I thought i'd share my experiences shipping my stuff back to Indonesia after living in the US for 6 years as a student. There are things i wish i had done differently, so i hope somebody would find something useful in here, and if anything, learn from my mistakes.

To gauge how relevant this post might be to your circumstances, i should say here that we shipped LCL (less than a container's load), and did most things DIY-style so no door-to-door delivery service.

I. SHIPPING YOUR STUFF

Packing - Leave original packaging behind, as they may incur import taxes. Make a relatively thorough packing list without being overly exhaustive. Categorize as much as you can, as this will help when your stuff is inspected at the customs office here.

Preparing paperwork - If you have stayed in your current country of residence for quite a while on a non-tourist visa, chances are the embassy or consulate general can provide you with a "Surat Keterangan Pindahan." With this letter customs should not be levying taxes on your stuff.
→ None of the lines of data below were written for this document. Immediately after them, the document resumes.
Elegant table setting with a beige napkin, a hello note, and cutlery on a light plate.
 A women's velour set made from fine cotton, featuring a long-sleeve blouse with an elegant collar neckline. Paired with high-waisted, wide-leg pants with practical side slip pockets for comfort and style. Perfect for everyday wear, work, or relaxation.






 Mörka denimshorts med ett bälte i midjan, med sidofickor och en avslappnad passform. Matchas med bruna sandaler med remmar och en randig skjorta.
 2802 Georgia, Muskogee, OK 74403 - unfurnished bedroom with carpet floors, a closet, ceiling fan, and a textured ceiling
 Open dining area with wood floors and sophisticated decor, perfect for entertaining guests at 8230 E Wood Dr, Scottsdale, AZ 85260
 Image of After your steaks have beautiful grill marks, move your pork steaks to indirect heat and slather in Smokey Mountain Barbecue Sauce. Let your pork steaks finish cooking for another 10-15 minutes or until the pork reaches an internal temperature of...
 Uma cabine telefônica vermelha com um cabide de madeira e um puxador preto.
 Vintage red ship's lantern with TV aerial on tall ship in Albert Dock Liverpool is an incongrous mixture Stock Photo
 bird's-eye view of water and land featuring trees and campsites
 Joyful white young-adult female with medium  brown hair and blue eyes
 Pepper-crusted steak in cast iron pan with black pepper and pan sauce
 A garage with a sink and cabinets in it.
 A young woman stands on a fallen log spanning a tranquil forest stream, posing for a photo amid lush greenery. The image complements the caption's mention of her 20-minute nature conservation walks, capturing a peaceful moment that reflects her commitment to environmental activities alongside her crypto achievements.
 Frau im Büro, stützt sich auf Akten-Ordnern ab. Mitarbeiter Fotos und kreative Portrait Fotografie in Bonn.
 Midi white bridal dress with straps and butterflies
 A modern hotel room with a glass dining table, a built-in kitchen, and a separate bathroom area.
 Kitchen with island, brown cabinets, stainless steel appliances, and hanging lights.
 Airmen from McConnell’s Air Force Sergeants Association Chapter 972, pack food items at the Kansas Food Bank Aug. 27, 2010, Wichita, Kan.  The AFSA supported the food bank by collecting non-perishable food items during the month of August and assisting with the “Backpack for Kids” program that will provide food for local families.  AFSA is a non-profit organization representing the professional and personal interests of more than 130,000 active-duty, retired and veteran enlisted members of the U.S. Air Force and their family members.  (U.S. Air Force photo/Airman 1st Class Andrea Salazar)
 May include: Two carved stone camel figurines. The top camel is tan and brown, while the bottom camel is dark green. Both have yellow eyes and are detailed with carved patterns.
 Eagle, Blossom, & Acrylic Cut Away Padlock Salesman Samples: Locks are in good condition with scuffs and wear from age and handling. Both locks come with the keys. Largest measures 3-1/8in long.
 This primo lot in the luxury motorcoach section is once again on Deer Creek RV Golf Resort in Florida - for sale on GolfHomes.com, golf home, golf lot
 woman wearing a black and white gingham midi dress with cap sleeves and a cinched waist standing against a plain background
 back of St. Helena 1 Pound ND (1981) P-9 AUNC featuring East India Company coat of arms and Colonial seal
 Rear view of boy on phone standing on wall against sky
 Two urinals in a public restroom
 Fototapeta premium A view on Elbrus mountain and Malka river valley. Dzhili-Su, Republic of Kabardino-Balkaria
Inquire with the nearest diplomatic office as to what is needed to obtain this letter. In my case, as a former student i was required to submit a certificate of degree completion. The diplomatic office will also endorse your packing list. Learn from my mistake - i booked my flight out of the country without leaving much time to deal with this paperwork. Depending on graduation requirements, how fast you act upon finishing, holidays, etc. schools can take quite some time to issue this certificate (mine took about 10 days since it coincided with Thanksgiving holiday), and diplomatic offices may also take a while in preparing this letter. I'd suggest leaving at the minimum 4 weeks between your last day of school and your departure date. I finally mailed in my documents to the consulate general AFTER i had arrived in Jakarta, but it involved lots of costly courier mailing, and risking losing important documents en route. Thankfully nothing bad happened.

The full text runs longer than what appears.